De entre os milhares de insuportabilidades que a vida nos oferece, há uma que parece ser mais pesada que todas as outras. Todos nós encontramos formas diferentes de falar da maior pedra que temos no sapato. O que já lá vai. O que já passou. O que ficou lá atrás. O que já deu o que tinha a dar. O passado. É o passado que nos ultrapassa. É o passado que, dolorosamente, não nos passa.
Apregoamos, demasiadas vezes, uma liberdade que não temos. Parece-me que a nossa liberdade está sempre condicionada. Somos livres mas não conseguimos esquecer o que nos fez desconfiar mais dos outros. Somos feitos de um sopro de vento mas não conseguimos digerir a treva que aquele alguém colocou em nós. Somos anunciadores do faço-o-que-bem-me-apetece mas não nos passa aquela sensação de mordaça que temos na garganta por todas as palavras que, ontem, não pudemos dizer.

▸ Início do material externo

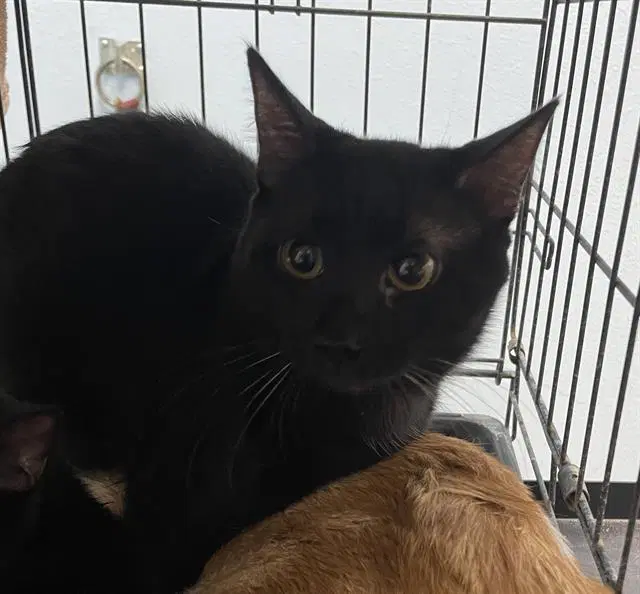 Felix - Domestic Short Hair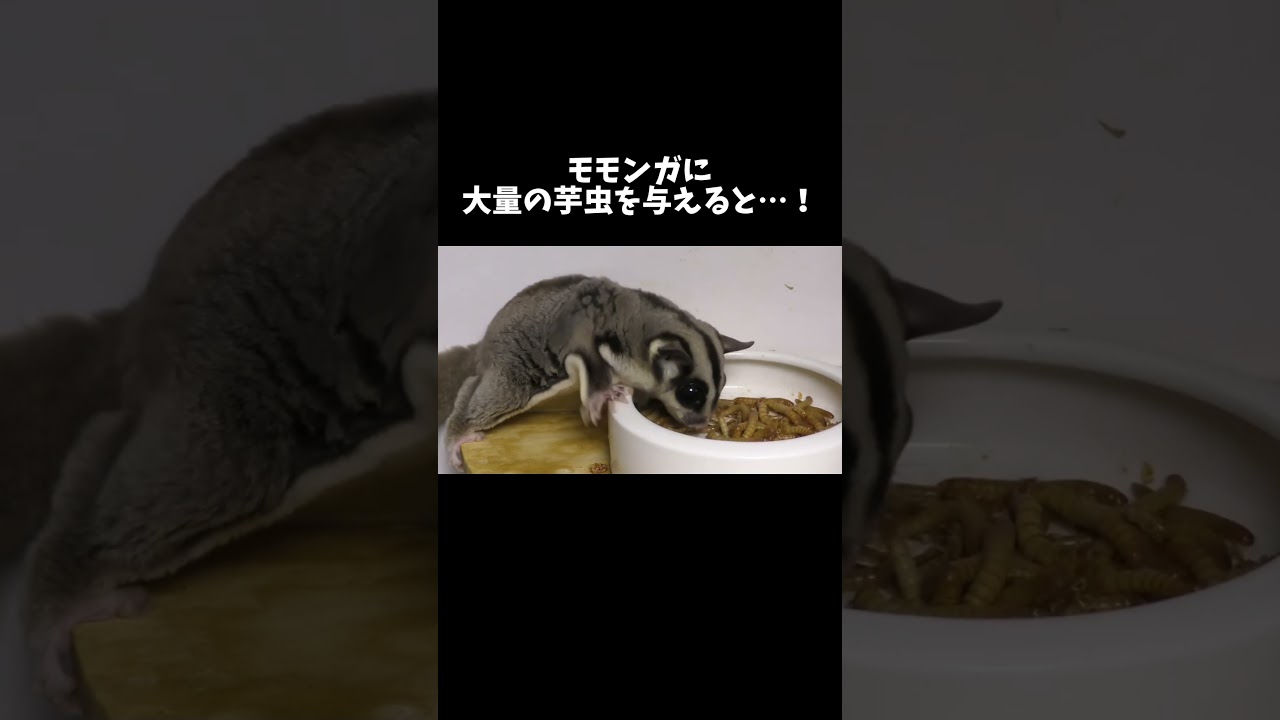 モモンガに大量の芋虫を与えると…！ #shorts #モモンガ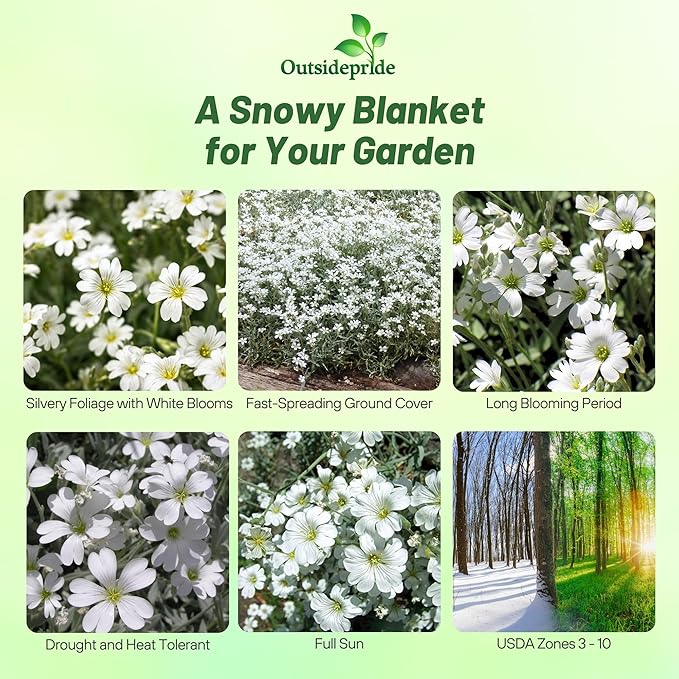 Outsidepride Snow in Summer Seeds - 5000 Pcs. Perennial, Drought-Tolerant & Easy to Grow, Ground Cover Seeds for Planting Silver Foliaged, White Blooms, Great for Rock Gardens, and Dry Landscapes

Assim, e mergulhados nos nossos contornos de liberdade, vamos avançando sem sair do mesmo lugar. Temos correntes que aprendemos a esticar mas que não conseguimos aprender a cortar. E o laço com o passado ali fica. Até nunca apodrecer. O problema pode ser, exatamente, esse. O passado não passa. Comecemos por aí. Se o passado não passa, que atitude me resta? Aprender a suportar essa presença quase imposta. O passado é teu. É meu. Foste tu que viveste o que estava a acontecer contigo nesse tempo determinado. Nesse momento específico. Fui eu que vi o que me mudou para sempre e não me deixa voltar àquilo que já tinha sido. O passado não nos passa porque é nosso. Foi nosso. Faz parte do caminho que nos trouxe até aqui. São os quilómetros que me fazem ser do tamanho daquilo que sou.

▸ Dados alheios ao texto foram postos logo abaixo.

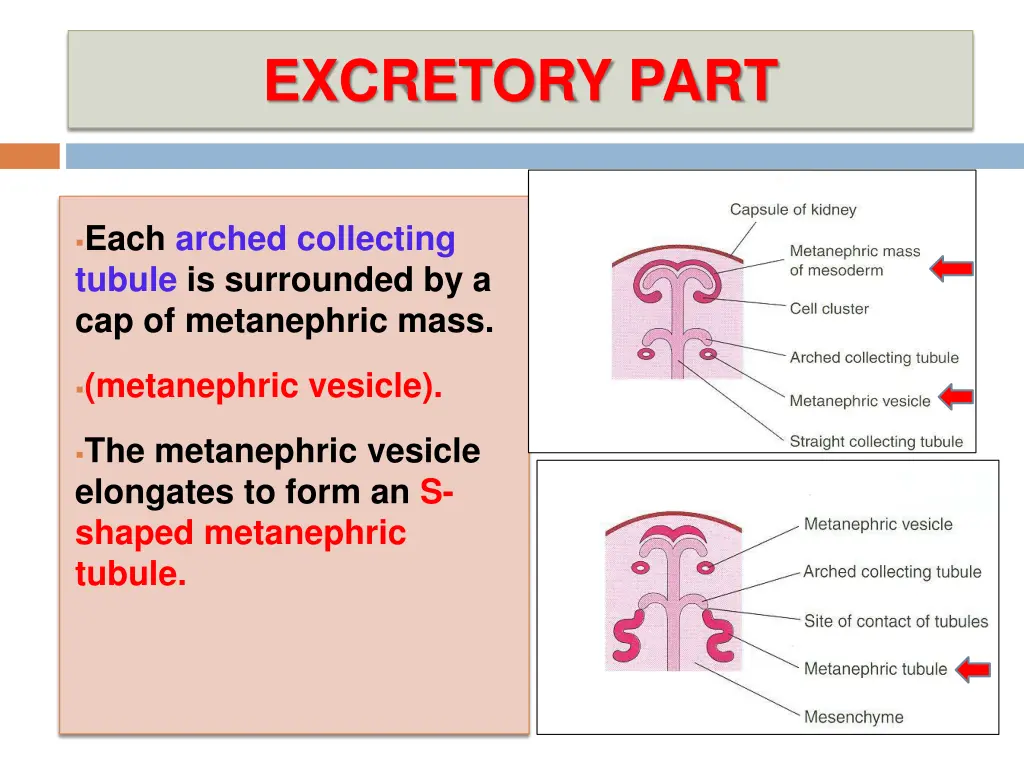 excretory part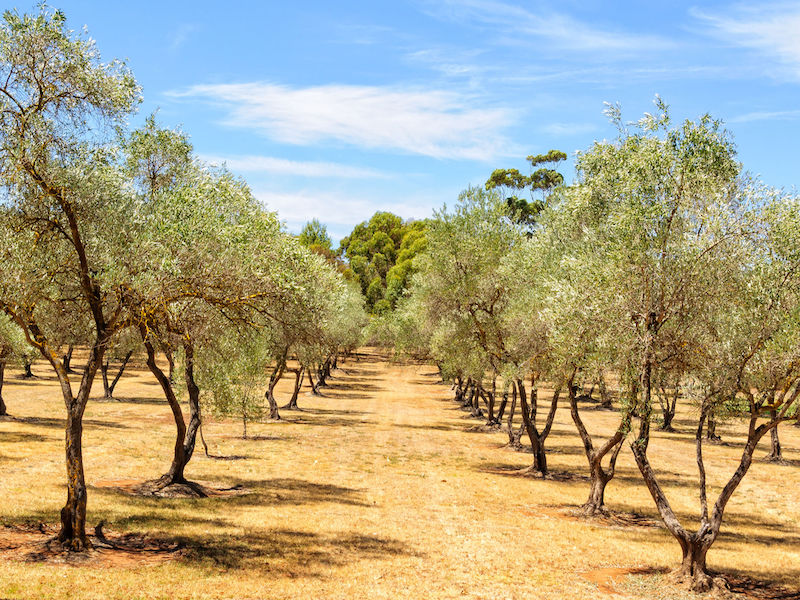 PSP buying into Australia almond orchards, water rights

No entanto, viver do passado não é viver. Há o perigo de nos tornarmos reféns do que já lá vai se não soubermos encontrar o lugar certo para arrumar o que ficou congelado naquele instante lá atrás. O desejo de mudar o que se fez é quase estúpido. Fizemos o que podíamos fazer com aquilo que, nessa altura, sabíamos. É muito fácil dizer que “se fosse agora fazia tão diferente”. Pois claro. Seria simples assim. Não conheceríamos a sensação de errar. De ter feito mal. De sofrer com a falha. Mas também não nos seria possível encontrar a alegria das segundas oportunidades.
Por isso, e mesmo que o passado não te passe, passa à frente!